The 2004 results were a welcome improvement over 2003, when U.S. domestic shipments were down by 3.8 percent over the prior year, and overall U.S. sales, including exports, rose by just 1.7 percent.
Exports of U.S.-made packaging machinery remained strong last year, rising by 12.5 percent to a value of slightly more than $1 billion, up from $952 million in 2003. That was the first time since PMMI began tracking the numbers in 1993 that exports have topped the $1 billion mark, the association said. Further, exports as a percentage of total U.S. packaging machinery shipments reached 20 percent in 2004 for the first time since 1997, when exports were 21 percent of total U.S. shipments, PMMI added.
The U.S. domestic market for packaging machinery, meanwhile, grew by 9.8 percent in 2004 to $5.6 billion. Of that total, $4.3 billion came from domestic shipments, up by 8.5 percent from 2003, while imports to the U.S. market grew by 14.2 percent last year to $1.3 billion, PMMI said.
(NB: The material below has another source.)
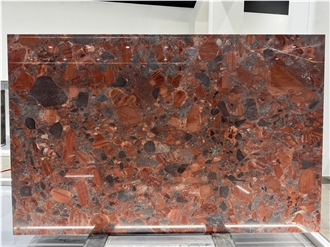 Red Marinace Granite Slabs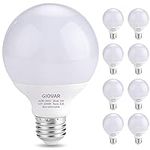 GIOVAR 8-Pack G25 LED Globe Light Bulbs, Daylight 5000K, 120V 40W Equivalent LED Vanity Light Bulbs for Bathroom Mirror, E26 Base, Non-Dimmable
Canadian packaging machinery shipments grew by 8.4 percent in 2004 to an estimated $324 million, according to the report.
PMMI attributed the 2004 increased spending levels to a variety of factors, including improved U.S. and Canadian capital spending due to stronger economic fundamentals; large order backlogs that were already on the books at the end of 2003; U.S. investment tax credits; continued high levels of machinery replacement activity; and a resurgence of strength in the food and beverage products markets, which typically account for two–thirds of packaging machinery annual shipment volumes.
The report, PMMI’s 11th Annual Shipments and Outlook Study, projects that U.S. shipments of packaging machines will grow at a cumulative annual rate of 3.8 percent over the next three years, rising to just short of $6 billion by 2007.